Terrorism

Taliban, ISIS step up 'deliberate targeting' of civilians as deaths hit record high

Salaam Times and AFP

A wounded Afghan man receives treatment at the Wazir Akbar Khan Hospital after a car bombing in Kabul December 24. Militants detonated a car bomb before storming the compound where the Ministry of Public Works and an office of the Ministry of Labour, Social Affairs, Martyrs and Disabled are situated, Interior Ministry deputy spokesman Nasrat Rahimi said. [Wakil Kohsar/AFP]

A wounded Afghan man receives treatment at the Wazir Akbar Khan Hospital after a car bombing in Kabul December 24. Militants detonated a car bomb before storming the compound where the Ministry of Public Works and an office of the Ministry of Labour, Social Affairs, Martyrs and Disabled are situated, Interior Ministry deputy spokesman Nasrat Rahimi said. [Wakil Kohsar/AFP]

KABUL -- More civilians were killed in the Afghan war in 2018 than during any other year on record after amost two decades of fighting, according to a United Nations (UN) report released Sunday (February 24).

The uptick in violence in 2018 coincides with a significant increase in the number of deaths caused by the "deliberate targeting of civilians", according to the report, mostly stemming from suicide attacks by insurgents allied with the Taliban or "Islamic State of Iraq and Syria" (ISIS).

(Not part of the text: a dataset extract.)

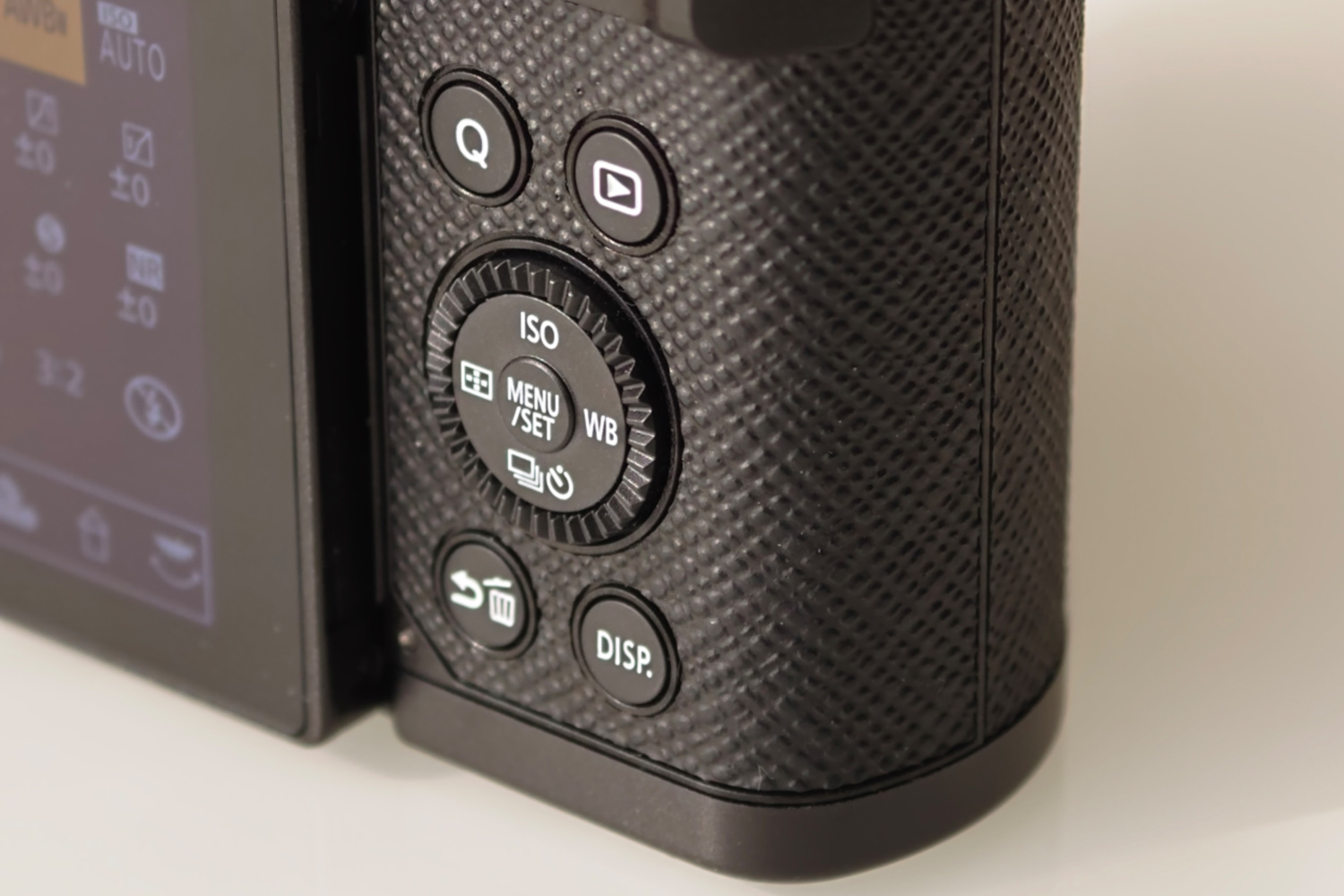 Panasonic Lumix L10 menu buttons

Civilian deaths jumped by 11% from 2017 with 3,804 people killed and another 7,189 wounded, according to the UN figures, as suicide attacks and bombings wreaked havoc across the country.

The report's release comes a day before the United States and the Taliban hold their next round of talks aimed at ending the conflict, raising tentative hopes for peace.

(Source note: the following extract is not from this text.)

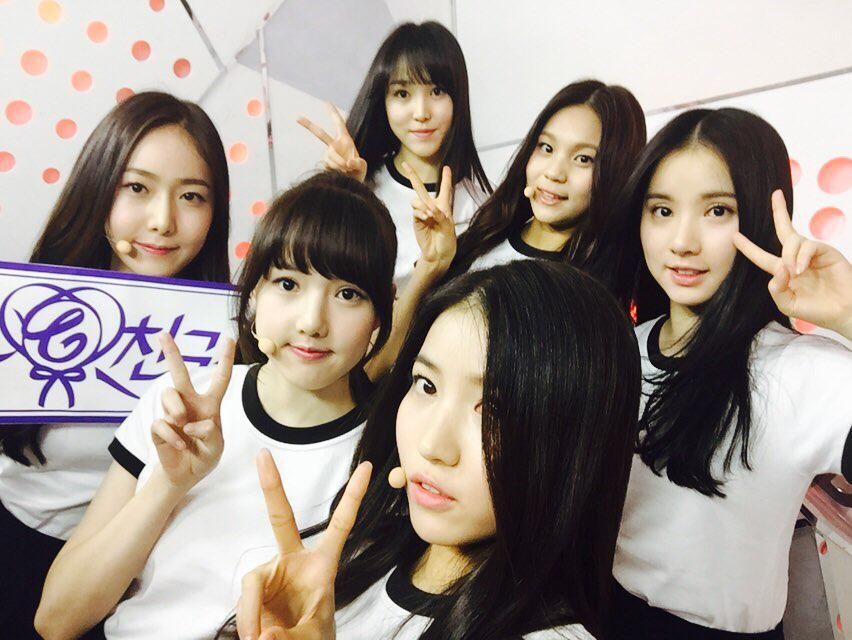 12 Momen Kedekatan Member GFRIEND di Awal Debut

Wounded Afghan men receive treatment at the Wazir Akbar Khan Hospital in Kabul, November 21, one day after a suicide attack on a religious celebration. At least 50 people were killed and more than 72 wounded on November 20, officials said, in one of the deadliest assaults to strike Afghanistan in 2018. [Wakil Kohsar/AFP]

Wounded Afghan men receive treatment at the Wazir Akbar Khan Hospital in Kabul, November 21, one day after a suicide attack on a religious celebration. At least 50 people were killed and more than 72 wounded on November 20, officials said, in one of the deadliest assaults to strike Afghanistan in 2018. [Wakil Kohsar/AFP]

At least 32,000 civilians have been killed and another 60,000 wounded over the past decade since the organisation began compiling the data, according to the UN.

"It is time to put an end to this human misery and tragedy," said Tadamichi Yamamoto, head of the UN Assistance Mission in Afghanistan (UNAMA).

"The best way to halt the killings and maiming of civilians is to stop the fighting," he said.

Escalating violence

At least 65 suicide attacks were recorded in 2018 -- the majority hitting Kabul -- with militants responsible for the deaths of more than 2,200 civilians across the country.

An increase in air strikes against Taliban and ISIS fighters by coalition and Afghan forces also led to more civilian deaths in 2018, with more than 500 civilians killed by "aerial operations for the first time on record", the report said.

"The report is being evaluated by this organisation," the Afghan National Security Council said in a statement Sunday (February 24). "The Afghan National Defence and Security Forces (ANDSF) take the necessary precautions to prevent civilian casualties in all military operations, and the issue has always been emphasised and followed up."

The civilian casualties were "wholly unacceptable", said Yamamoto, who called on all parties to take "immediate and additional concrete steps to stop a further escalation in the number of civilians harmed and lives destroyed".

Afghanistan has suffered almost constant conflict since the Soviet occupation of 1979, which was followed by civil war, the Taliban regime and the US invasion in late 2001.